At present “effects that scientists had predicted in the past would result from global climate change are now occurring,” NASA, Global Climate Change, Vital Signs of the Planet. No surprise here as the hottest years on record have occurred since 2000.
Here’s the bigger uglier picture: According to reputable sources, there’s probably no way to stay under 2°C. In fact lamentably, the paleoclimate record indicates Earth once experienced a 5°C increase within a couple of decades, but nobody knows exactly why. Something earthshattering must have occurred. Today’s anthropogenic forces on the climate, like CO2, may also be earthshattering. Time will tell soon enough, maybe too soon. Nobody really knows for sure because global warming is brand new to humankind.
Beyond that, with GHGs turbocharging 135% faster than 40 years ago at a rate of 2.0ppm/yr. (Hansen), simple math says big trouble will likely hit by, or before 2040-50. After all, emissions and GHGs are growing exponentially.
Dr. James Hansen claims, in a court filed document, the paleoclimate record indicates enough warming occurs at 450ppm that it could melt most of Antarctica, containing 85-90% of the world’s ice, but it would take a long, long time. Meanwhile, along the way, the incoming would destroy coastlines and flood coastal cities. CO2 at 400ppm now is increasing 2.0ppm/yr. times 25 equals 450ppm in 2040.
Will COP21 save the ecosystem soon enough?

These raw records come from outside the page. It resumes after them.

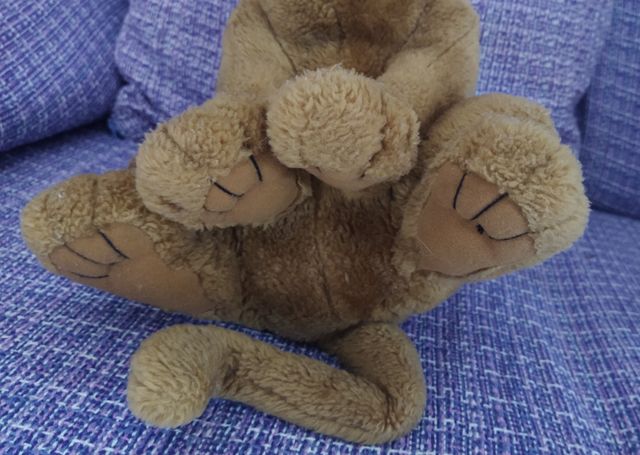 Peluche scooby doo 40cm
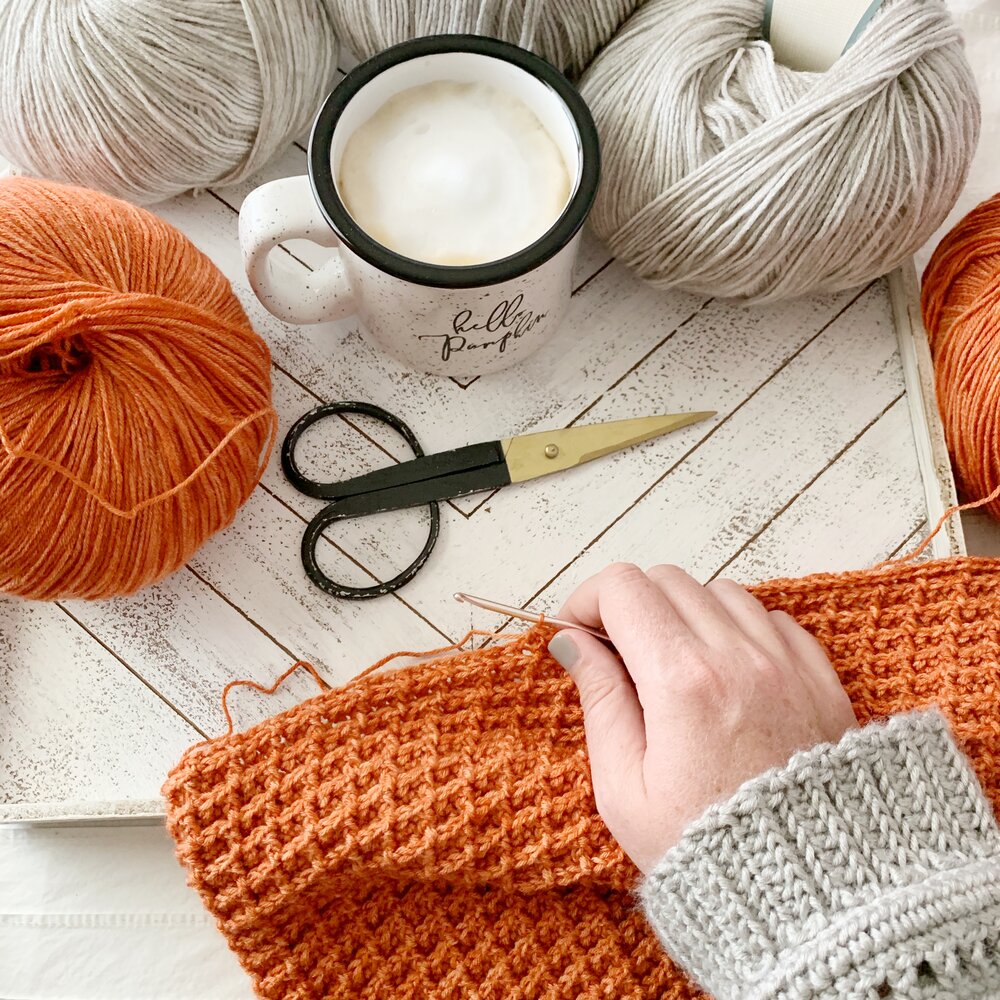 Crochet Pattern- The Wavel Pumpkin — Meghan Makes Do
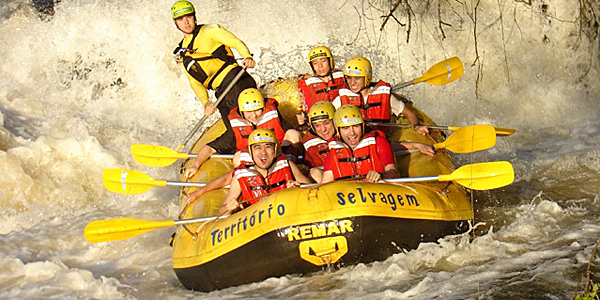 Dicas de Brotas: rafting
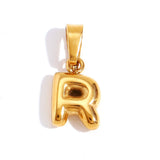COLLIER CHIC BULLE LETTRE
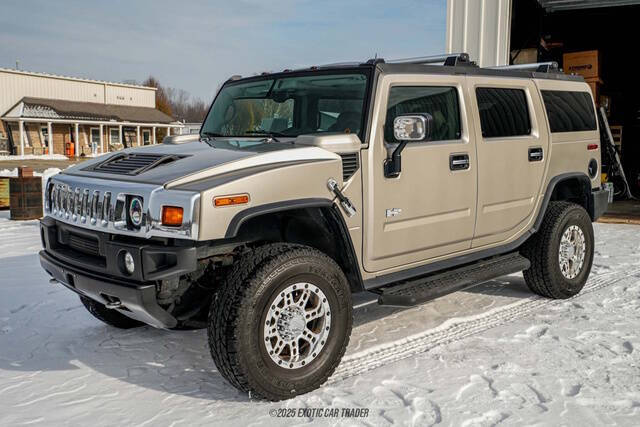 2003 HUMMER H2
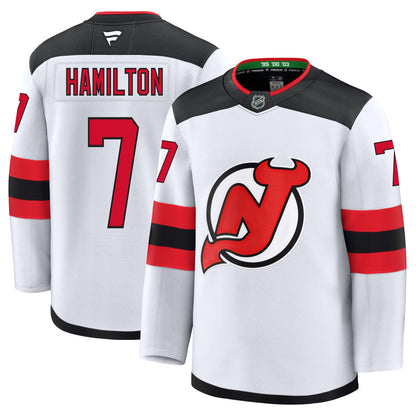 Dougie Hamilton New Jersey Devils Fanatics Premium Away Jersey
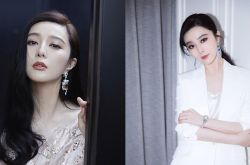 范冰冰辣晒深V浑圆半球 这是要再出道吗？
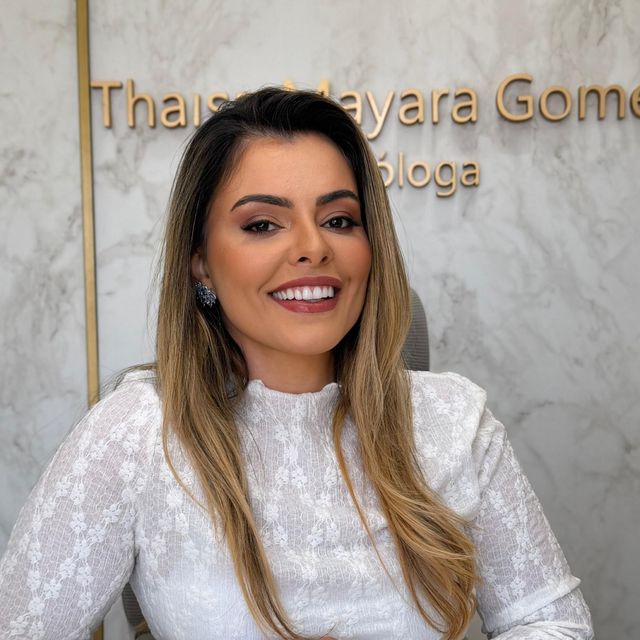 Thaísa Mayara Gomes, Psicólogo Cuiabá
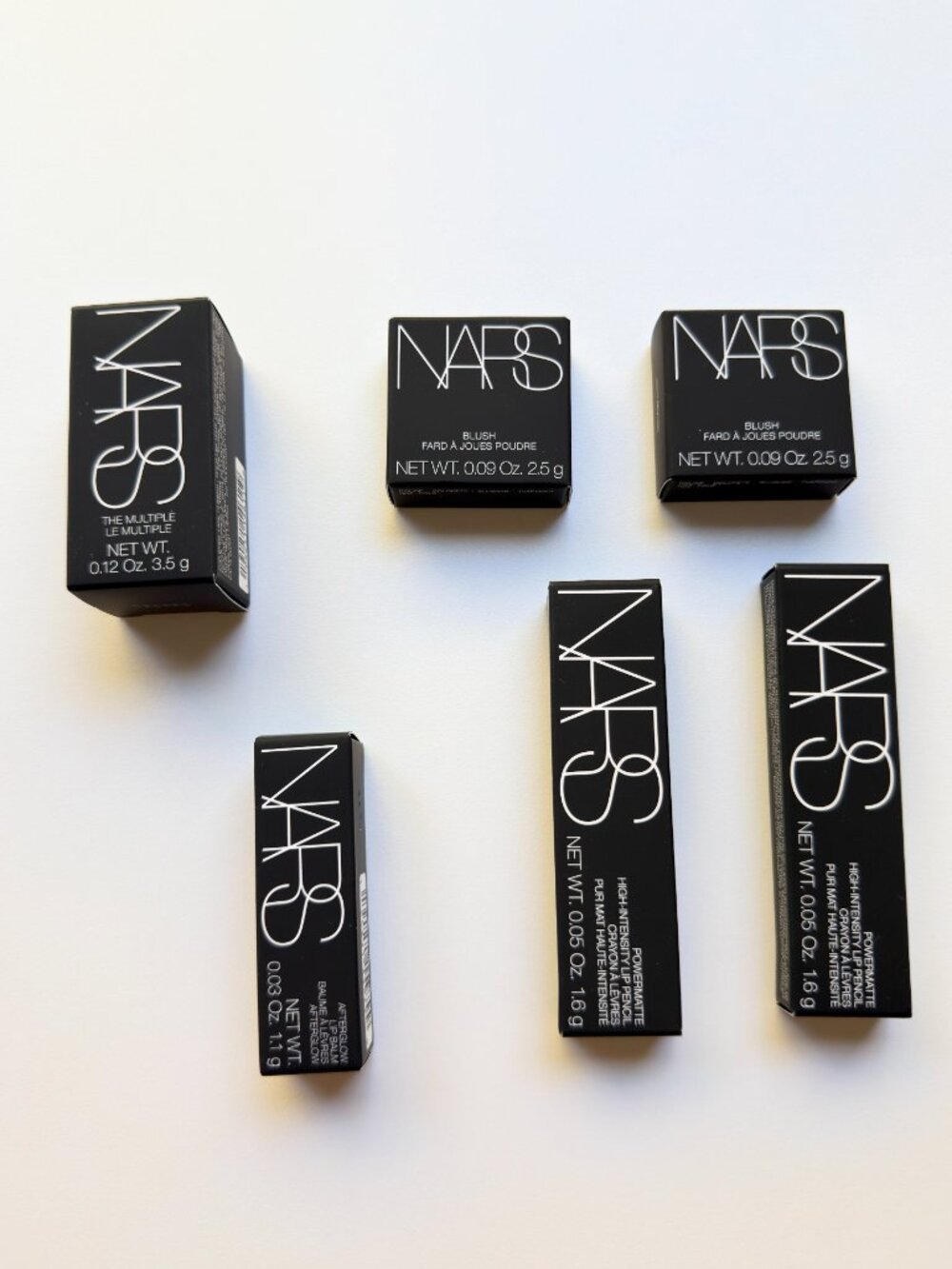 4021 NARS HIGH END MAKEUP BEAUTY COSMETIC LOT BUNDLE SET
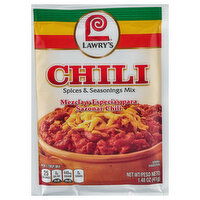 Lawry's Chili Spices & Seasonings Mix - 1.48 Ounce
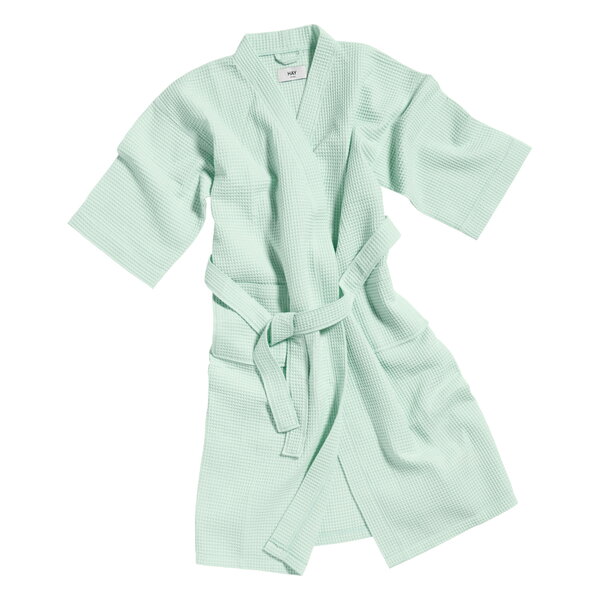 HAY Waffle bathrobe, one size, fresh mint Finnish Design Shop UK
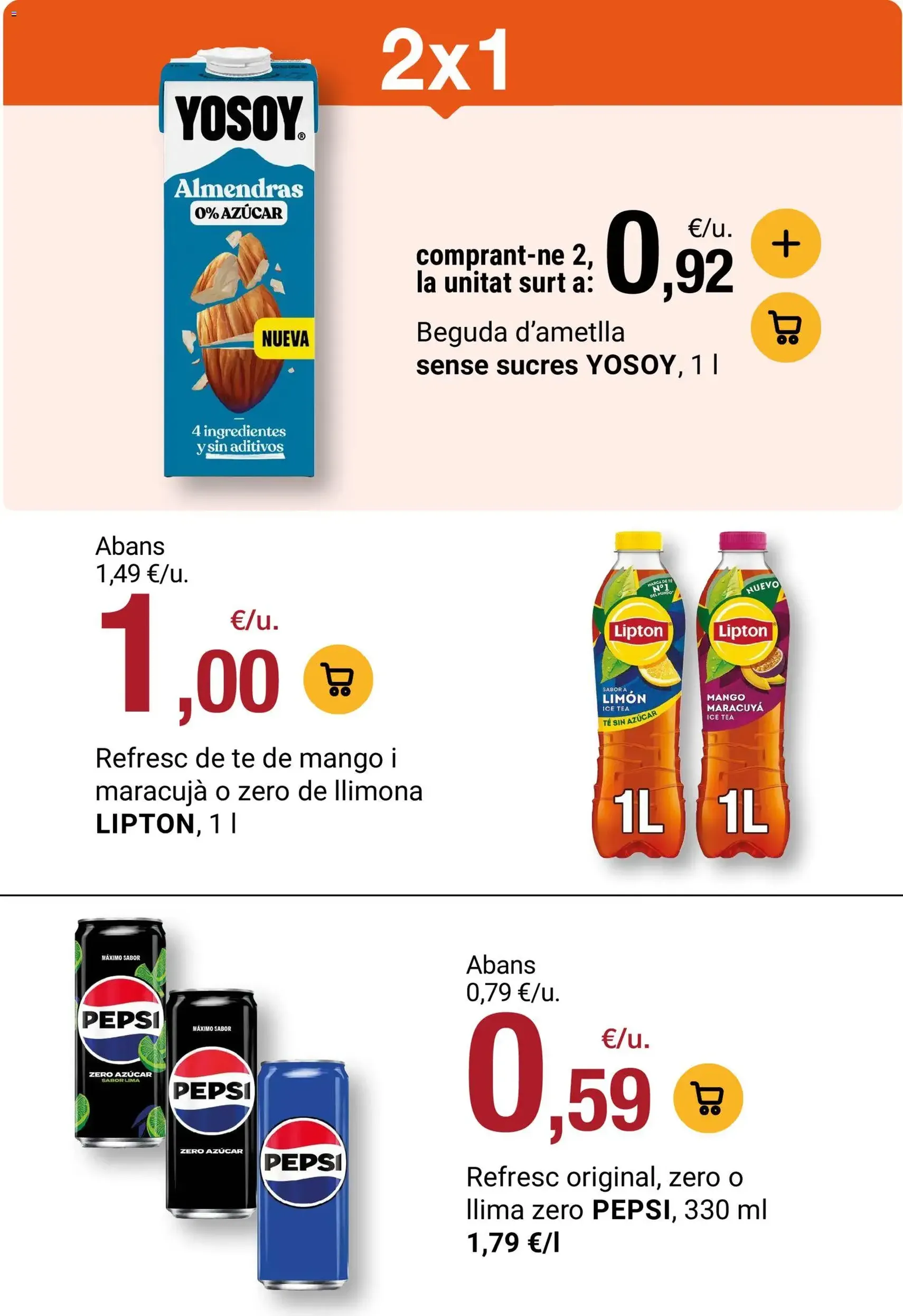 Bonpreu folleto - folleto válido desde 30/06/2026 página 85 de 90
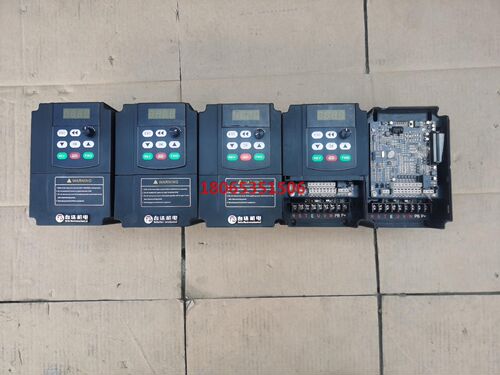 变频器V800-4T007R5G!共5台打包出!成色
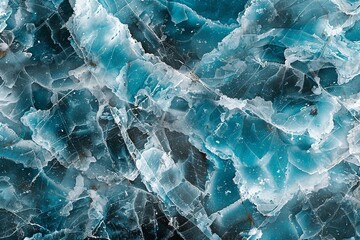 Obraz premium Grey and turquoise textured surface background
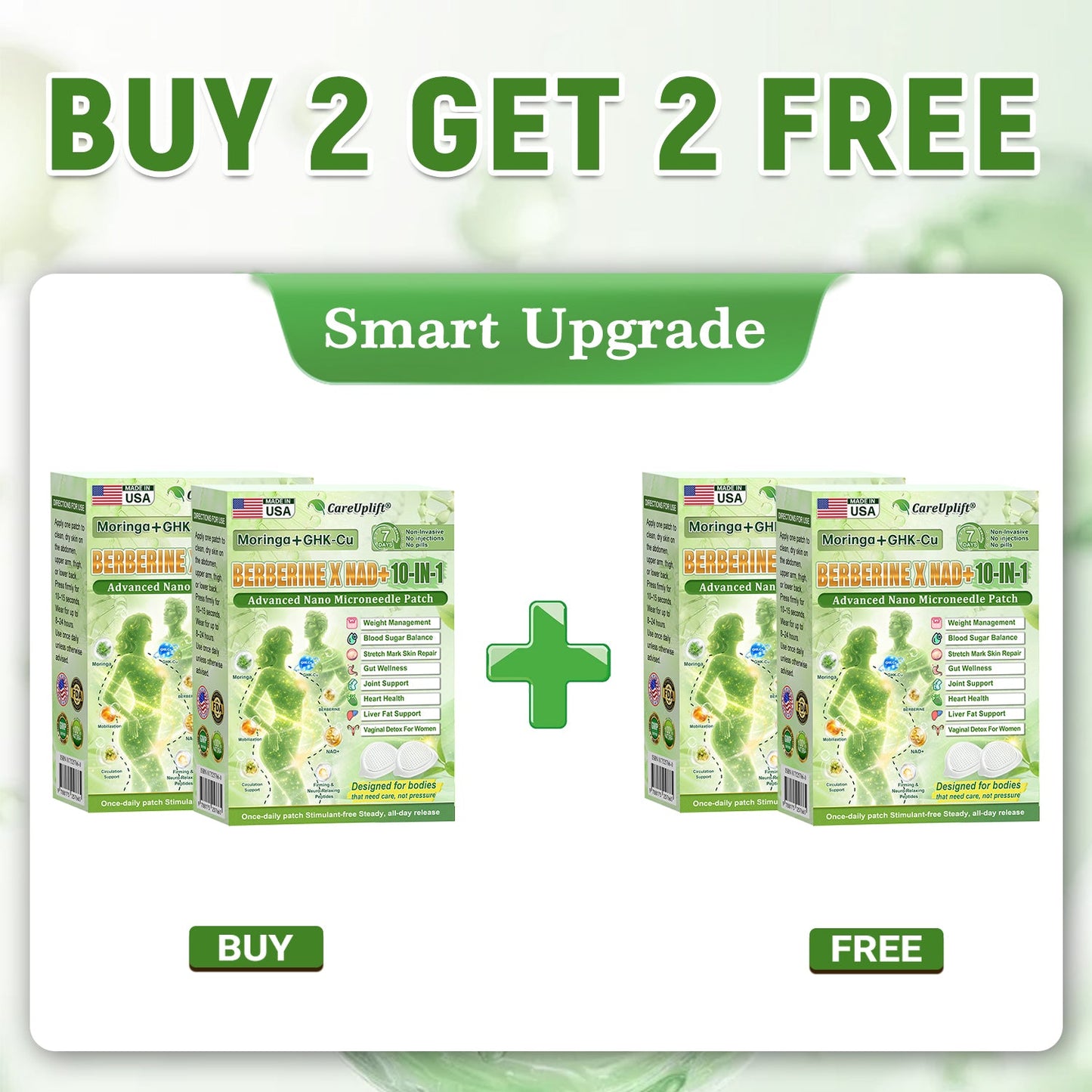 𝑶𝒇𝒇𝒊𝒄𝒊𝒂𝒍 𝑺𝒕𝒐𝒓𝒆  |🍀𝐂𝐚𝐫𝐞𝐔𝐩𝐥𝐢𝐟𝐭® 𝑴𝒆𝒕𝒂𝒃𝒐𝒍𝒊𝒄 𝑵𝒂𝒏𝒐 𝑴𝒊𝒄𝒓𝒐𝒏𝒆𝒆𝒅𝒍𝒆 𝑷𝒂𝒕𝒄𝒉🇺🇸(𝐉𝐮𝐬𝐭 𝐨𝐧𝐜𝐞 𝐚 𝐝𝐚𝐲, 𝐯𝐢𝐬𝐢𝐛𝐥𝐞 𝐜𝐡𝐚𝐧𝐠𝐞𝐬 𝐢𝐧 𝟕 𝐝𝐚𝐲𝐬）𝘽𝙚𝙧𝙗𝙚𝙧𝙞𝙣𝙚 + 𝙈𝙤𝙧𝙞𝙣𝙜𝙖 𝙁𝙤𝙧𝙢𝙪𝙡𝙖 ✅ 𝐅𝐨𝐫 𝐨𝐛𝐞𝐬𝐢𝐭𝐲, 𝗟𝗼𝗼𝘀𝗲 𝘀𝗸𝗶𝗻,𝐝𝐢𝐚𝐛𝐞𝐭𝐞𝐬, 𝐬𝐥𝐞𝐞𝐩 𝐚𝐩𝐧𝐞𝐚, 𝐣𝐨𝐢𝐧𝐭 𝐢𝐬𝐬𝐮𝐞𝐬, 𝐚𝐧𝐝 𝐦𝐨𝐫𝐞💯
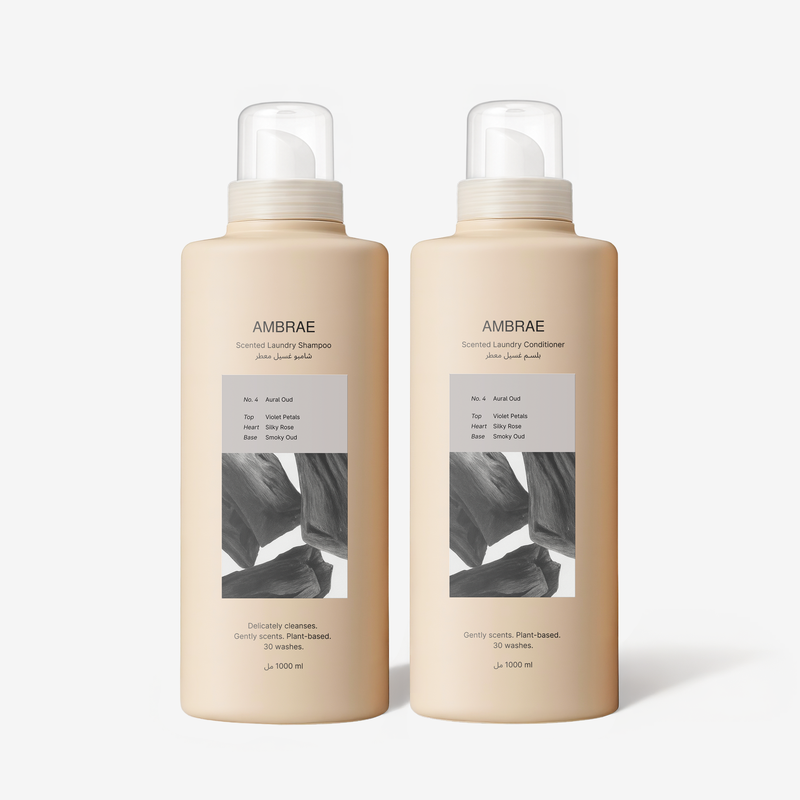 Aural Oud No.4 - Laundry Shampoo & Conditioner Bundle 2x1L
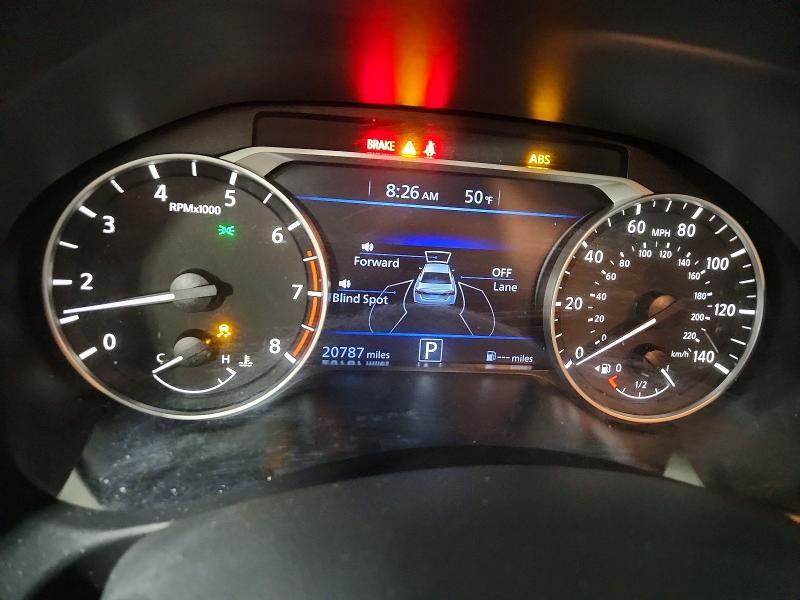2025 Nissan Altima 2.5 sv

Will the COP21 come to agreement?
By all appearances, and according to factual record, years and years of COP meetings have yet to meld countries together into one unified blend of “let’s fight this.” Considering the enormous challenge in organizing 190 countries around one single goal, the competing interests are beyond the scope of this article and beyond the imagination of even the sharpest diplomat.
Yet already, whilst still below the 2°C marker, a bevy of horrid things are already starting to appear that could make life brutally miserable well before many of the COP21 delegates celebrate retirement and try to find a nice sandy beach that hasn’t already washed away.